# serious winter riding gloves



## rambo99 (Nov 29, 2016)

I'll be following this Would be nice to have gloves that keep fingers warm. I have yet to find gloves that do.


----------



## Woodhaven (Jan 21, 2014)

I don't have a real problem with keeping my fingers warm when riding as much as working in the barn doing chores so will be interested in seeing some answers

when I tack up for a winter ride I put the pad and saddle on and give it time to warm up before riding and at that time I take the gloves I will use riding and tuck them under the saddle pad so they are warmed by the horse's body heat when I put them on.
I usually manage to keep my fingers warm by holding them close to the horse's withers during the ride or if really cold keep them snug against the horse's neck in front of the pommel. I just use whatever gloves I have in the barn preferably some fleecy type and that seems to work well for me.

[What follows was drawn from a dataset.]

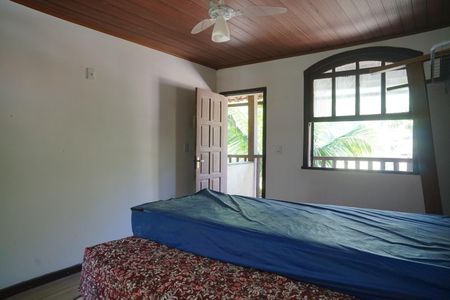 Casa à venda com 450m², 4 quartos e 4 vagas Casa à venda com 450m², 4 quartos e 4 vagasQuarto 3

It was down to 0 F yesterday but didn't ride, but my fingers were sure cold while doing the chores. It's too early for this and I hope this doesn't mean a looong cold winter ahead.


----------



## Acadianartist (Apr 21, 2015)

As most of you know, I live in the great white north. -37C is no stranger to me. 

For chores, I wear thin gloves (my recent faves are ceramic-infused back on track gloves) inside of mittens. You want mittens to do chores, preferably fleece-lined wool mittens. You also want the ability to take them off. Sometimes I wear wool mittens with flaps but they tend to annoy me so wool mittens over gloves do the trick, and I can take the mitts off briefly if I need to. The fleece lining inside prevents my hands from getting wet if I'm handling a lot of snow. 

But for riding, you want to take it to another level. I often buy gloves at Mark's Work Wearhouse, but I believe that's a Canadian company. I generally buy men's smalls because annoyingly, women's gloves are never heavy enough. They're warm, but they will wear out if you use them for anything other than riding. Then there are the mittens with the split fingers so your three first fingers are together, but your pinky is separate for holding reins. I wear thin gloves under those too because they're never warm enough. They're ok, but not my first choice. I do prefer the really thick gloves, and sometimes will wear my BOT gloves underneath for extra warmth.

In the end, it is possible to keep your hands warm. I tend to have poor circulation to my extremities, and ride in bitterly cold weather all winter long outside, but my fingers are usually ok if I wear layers. Toes, not so much.


----------



## knightrider (Jun 27, 2014)

I wear ski mittens when it is really cold. You don't have much control with ski mittens, but hey, you're riding! I've been told not to wear mittens over gloves because your own fingers keep the mittens warmer.

I have little plastic sacs that I drop in boiling water for 1 minute. They can be used over and over. I put them in my mittens when I'm riding. Then I have even less control. But hey, I'm still riding!

Also you can buy hand and foot warmers for $2 that keep your hands and feet really warm. I don't use them all that much because they stay warm for 6 hours, and I only ride about an hour when it is that cold. So the little plastic sacs that I drop in boiling water are good for one hour and don't cost me anything.


----------



## Acadianartist (Apr 21, 2015)

knightrider said:


> I wear ski mittens when it is really cold. You don't have much control with ski mittens, but hey, you're riding! I've been told not to wear mittens over gloves because your own fingers keep the mittens warmer.
> 
> I have little plastic sacs that I drop in boiling water for 1 minute. They can be used over and over. I put them in my mittens when I'm riding. Then I have even less control. But hey, I'm still riding!
> 
> Also you can buy hand and foot warmers for $2 that keep your hands and feet really warm. I don't use them all that much because they stay warm for 6 hours, and I only ride about an hour when it is that cold. So the little plastic sacs that I drop in boiling water are good for one hour and don't cost me anything.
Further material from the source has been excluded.